This was forwarded to me as I don't
normally read the PDE list (I do now)... I'll try to outline the
direction here and point you at the vaporware articles that we are writing
this month for more details...
0) a meta/philisophical point. We
really don't distinguish between plugins and bundles. To the runtime
they are the same thing. It happens that some have manifest.mfs and
some have plugin.xmls. In the end the runtime autogens manifest.mf
files if needed so everything looks the same (to the runtime). Users
should feel largely the same way... (now on with the answers)
1) There are no particular benefits
of using plugin.xml over manifest.mf or vice versa. For Eclipse 3.0
we propose that people continue business as usual (i.e., use plugin.xml)
unless something forces the issue.

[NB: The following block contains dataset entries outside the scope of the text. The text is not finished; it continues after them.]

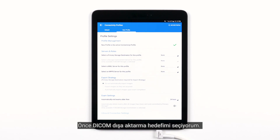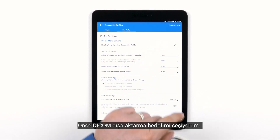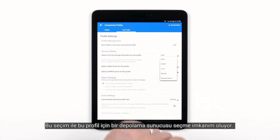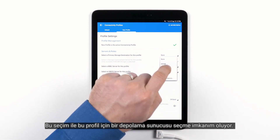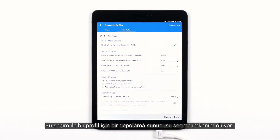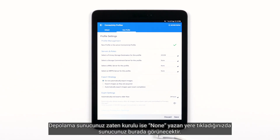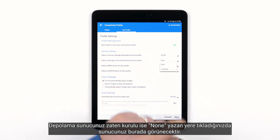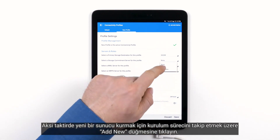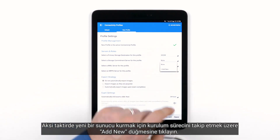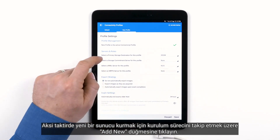First, I choose my DICOM export destination. This gives me the option to select a storage commitment server for this profile. This option will be grayed out for other export destinations. If you have a storage commitment server already set up, your server will show up here. Otherwise, tap Add New to go through the process to set up a new server.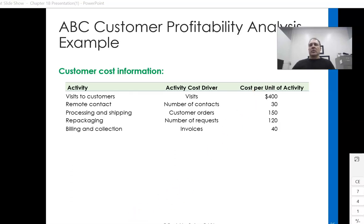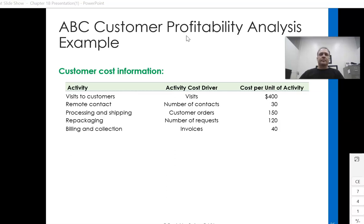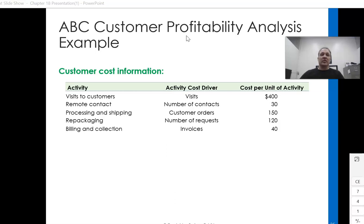We're in the final stages of this chapter on activity-based costing, looking at a section on customer profitability analysis. Normally we don't integrate a lot of PowerPoint slides — we just have a handout and work through it on paper — but customer profitability analysis is a little different. It doesn't move in the same way that traditional accounting does; this is more of a management need. So I wanted to go over a couple of slides and then get into an example after that.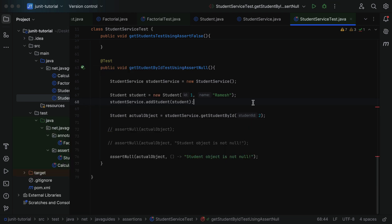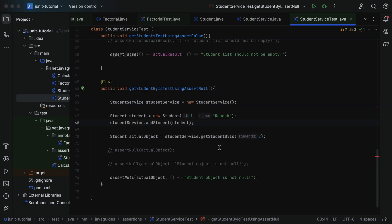To summarize: if you want to verify that the actual object is null, you can use the assertNull method. In the next lecture we will take a look into the assertNotNull method, which is exactly the opposite of this assertNull method.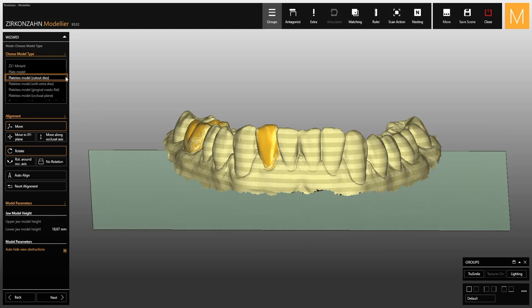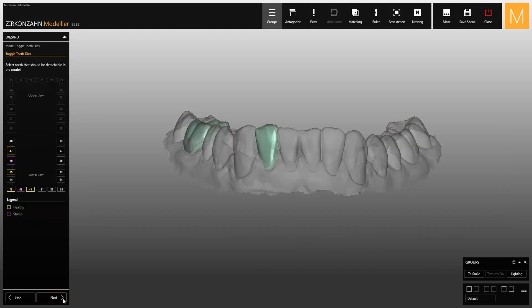It is important to select this model type. Afterwards, the software allows you to choose adjacent removable teeth for teeth on which the temporary crowns have been created. You do not need to modify anything in this step.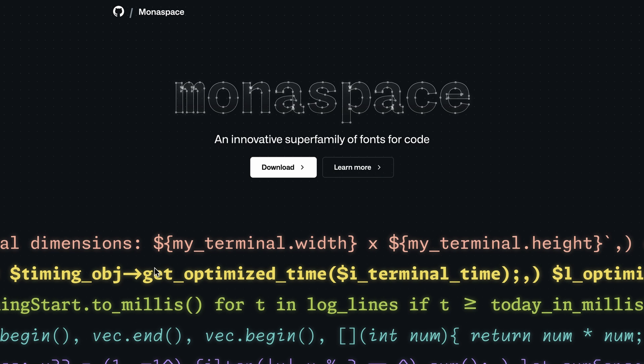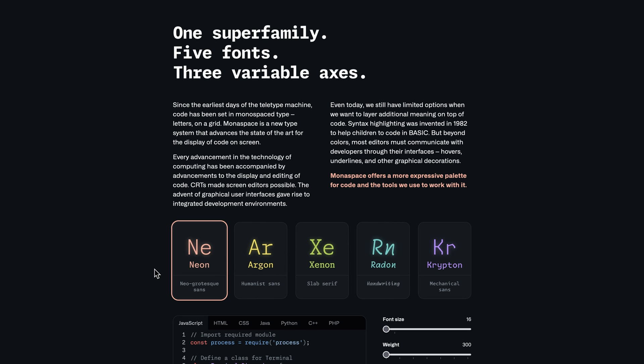It seems like everybody has a new coding font these days and GitHub is no exception, because they just announced their new coding font. Monaspace is an innovative super family of fonts for code. One thing that makes it innovative is that it's not just one font — you get a super family of five fonts that are all variable. Variable fonts have the ability to change things like how much they slant, their width, or their height, without needing separate font weight files.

What could force it? There
are certain runtime controls that are only available through the manifest.mf
file (e.g., Import-Package). If you are in a situation where the
only way to get a class/package on your classpath is to use Import-Package,
then you will need to spec a manifest.mf rather than a plugin.xml. These
cases are relatively rare and we are seeking to make them even more so.

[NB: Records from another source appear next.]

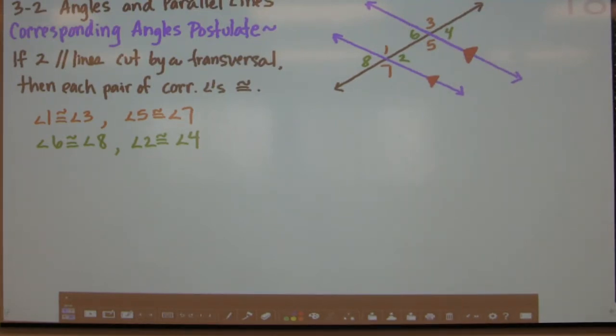Hello there! This is a video for Geometry, Chapter 3, Section 2: Angles and Parallel Lines.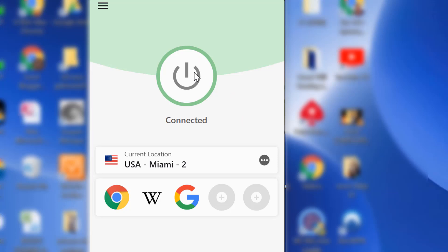And you can see I quickly connected to the Miami location. And now I'm going to bring back up my browser.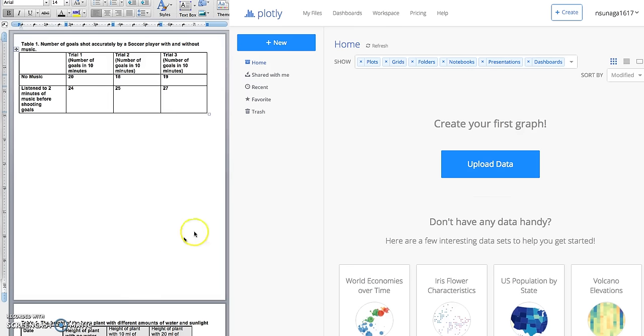Hi guys, in this video I'm going to introduce you to this really wonderful tool called Plotly. It's a tool to help you create graphs on the computer for your science fair project, so let's get started.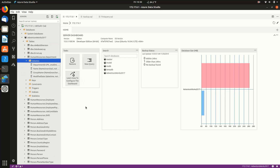So that's it. SQL Server on Linux inside of a Docker container, 2019, using Azure Data Studio to restore the database. This is all just great, great stuff.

I expect that by 3.0 release they will be mostly eliminated.
Having said that, the long term direction
is to move the runtime information (e.g., prerequisite specifications,
library declarations, ...) out of the plugin.xml and into the manifest.mf.
This shift is not on for 3.0.
2) Not quite sure what you are getting
at here but will stab. There really are only two downsides I can
see with not embracing the manifest.mf approach.
a) plugins which supply only a plugin.xml
will have a manifest.mf generated for them by the runtime on first startup.
This is a modest amount of overhead but overhead none the less.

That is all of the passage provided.